If I were doing this, I'd make u a Vector of NTuples, pass it in as an 
argument, and use N in @generating the body of the function. You can use 
Cartesian macros in the body of a generated function (many examples in base).

--Tim

On Monday, September 28, 2015 11:33:46 AM Giuseppe Ragusa wrote:
> @erik thank you. I know of Base.Cartesian, but I was not able to make it
> work for my use case.
> 
> @steven yes, that is what i was afraid of (I was trying to shy away from
> recursion).
> 
> On Monday, September 28, 2015 at 8:23:48 PM UTC+2, Erik Schnetter wrote:
> > Guiseppe
> > 
> > In addition to using recursion, you can also use a macro to generate the
> > code.
> > 
> > However, this functionality is available in the "Cartesian" module which
> > is part of Base Julia. You are probably looking for "@nloops".
> > 
> > -erik
> > 
> > 
> > On Mon, Sep 28, 2015 at 11:24 AM, Giuseppe Ragusa <[email protected]
> > 
> > <javascript:>> wrote:
> >> I am having problems (serious problems!) to deal with algorithms that
> >> boil down do nested for loops but whose number of loops is not known at
> >> compile time.

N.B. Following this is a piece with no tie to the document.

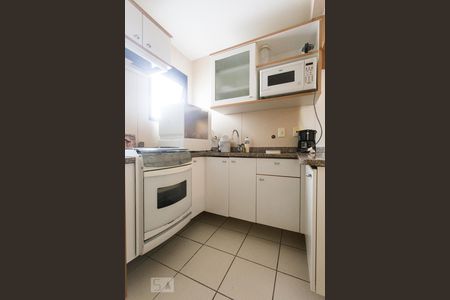 Cozinha de apartamento à venda com 2 quartos, 59m² em Paraíso, São Paulo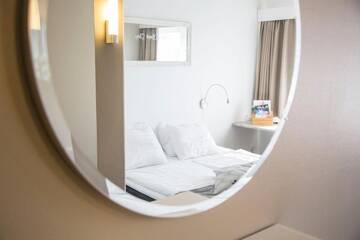 Фото номера Стандартный одноместный номер Отель Finlandia Hotel Alba г. Йювяскюля 16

As an example consider this:
> >> 
> >> ```
> >> 
> >>  function tmp()
> >>  
> >>      r = 3
> >>      n = 100
> >>      λ = zeros(r)
> >>      u = rand(n, r)
> >>      counter = 0
> >>      Y = Array(Float64, n)
> >>      
> >>      @inbounds for j_1 = 0:k
> >>      
> >>          for i = 1:n
> >>          
> >>              Y[i] = pow(u[i, 1], j_1)
> >>          
> >>          end
> >>          
> >>          λ[1] = j_1
> >>          for j_2 = 0:(k-j_1)
> >>          
> >>              λ[2] = j_2
> >>              for i = 1:n
> >>              
> >>                  Y[i] *= pow(u[i, 2], j_2)
> >>              
> >>              end
> >>              
> >>              for j_3 = 0:(k-j_1-j_2)
> >>              
> >>                  λ[3] = j_3
> >>                  for i = 1:n
> >>                  
> >>                      Y[i] *= pow(u[i, 3], j_3)
> >>                  
> >>                  end
> >>                  counter += 1
> >>                  println(λ, " ", " => ", j_1, j_2, j_3, " counter =>",
> >> 
> >> counter)
> >> 
> >>              end
> >>          
> >>          end
> >>      
> >>      end
> >>  
> >>  end
> >>  ```
> >> 
> >> This is what I want when `r = 3`. For larger `r = 4` there would be an
> >> additional loop. etc. Now, everything is complicated by the fact that `r`
> >> is not know at compile time.
> >> 
> >> I have tried to generate the loops using the macros in  Base.Cartesian
> >> and then using generated functions to accomplish what I want, but I
> >> cannot
> >> get what I want. The main difficulty is that Base.Cartesian I can't get
> >> the
> >> ranges I want).
> >> 
> >> Does anybody have suggestions on how to deal with this?